No, it’s not #1 on that particular list, but in the Top Ten. Whether a moviegoer will find that interesting will be dependent on how much of the demonstrative F word viewers want in punching up the scripts of their favorite movies.
Where does ‘Uncut Gems’ fall in terms of ‘F’ word use?
According to Entertainment Weekly, Uncut Gems falls in seventh place for 408 instances of the most famous four-letter intensifier. Not all of those are from Adam Sandler in his now nearly iconic Howard “Howie” Ratner role. While he’s the showcase of the movie, this is really an ensemble piece, something the Safdie Brothers know how to do with true skill.
Not that using the F word 408 times necessarily enhances the film, which is based squarely on a compelling story and the acting by Sandler. Yet, there always seems to be a contest on how many uses of the word can be slipped into a film without gaining a hard R rating.
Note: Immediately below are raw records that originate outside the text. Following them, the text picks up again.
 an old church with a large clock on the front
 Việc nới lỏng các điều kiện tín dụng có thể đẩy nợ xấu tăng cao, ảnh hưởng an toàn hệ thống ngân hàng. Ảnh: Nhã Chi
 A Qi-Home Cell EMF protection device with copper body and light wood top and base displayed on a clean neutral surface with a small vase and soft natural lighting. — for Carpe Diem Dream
In many cases, studios just let those films gain hardcore ratings since they always find an adult audience.
Should there really be a behind-the-scene joke on how many F words can be inserted into a film, the Safdie Brothers haven’t won yet. Martin Scorsese is still at the top for most voluminous use of the word in The Wolf of Wall Street. This is only for fiction, though.
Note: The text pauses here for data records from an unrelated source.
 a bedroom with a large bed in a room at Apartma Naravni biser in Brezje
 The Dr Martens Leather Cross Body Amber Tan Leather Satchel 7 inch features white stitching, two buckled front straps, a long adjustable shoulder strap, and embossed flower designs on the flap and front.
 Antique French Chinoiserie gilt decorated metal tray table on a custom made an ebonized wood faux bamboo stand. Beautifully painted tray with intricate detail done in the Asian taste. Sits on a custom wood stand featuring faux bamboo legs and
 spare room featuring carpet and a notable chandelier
Two documentaries top all-time F-word usage. Second is a documentary from 2005 called F*uck, and the first is a 2014 documentary called Swearnet: The Movie.
There’s a lot more on that list
Spike Lee hasn’t been afraid to use the word hundreds of times in his movies. He’s at No. 4 on the list with his Summer of Sam. Rounding things out at #5 is Gary Oldman’s 1997 film Nil by Mouth, followed by Scorsese’s Casino.
With so many more on the list, does this designation take away from the art of those movies or add to it? The arguments over the use of profanity still has wide divides based on personal philosophies and whether it’s just becoming annoying due to its overuse.
There’s a valid argument the shock value of the word has long been played out, leading to use of the word sounding as common as “the.” For those older who grew up with movies using the Hays Code, use of the word (and other profanity) might feel like the downfall of good cinematic dialogue.
Seeing the evolution of the word, one has to go back more than 50 years to see the first use of the F word in a movie. Not surprisingly, the British did it first in two 1967 films. In America, the first use of the word in a studio film occurred in Robert Altman’s 1970 MASH.
Will the ‘F’ word become annoying or still forceful?
Some might choose to believe the overuse of profanity in movies has hurt movies to a point where profanity no longer means anything. Actors screaming the F word at the top of their lungs doesn’t make the impact it once had several decades ago. Audiences have also admitted in polls they’re tiring of watching profanity-laden films.
As a result, will movies start using it less, or is it just a natural reflex in every script nowadays? In the event there’s a contest to see how often the F word can be said like in Uncut Gems, (reportedly, every 3.7 minutes) it might go on a while and just become an annoyance.
In the chance it’s removed from overuse, there may be the first adult PG-rated film in years that everyone runs to see.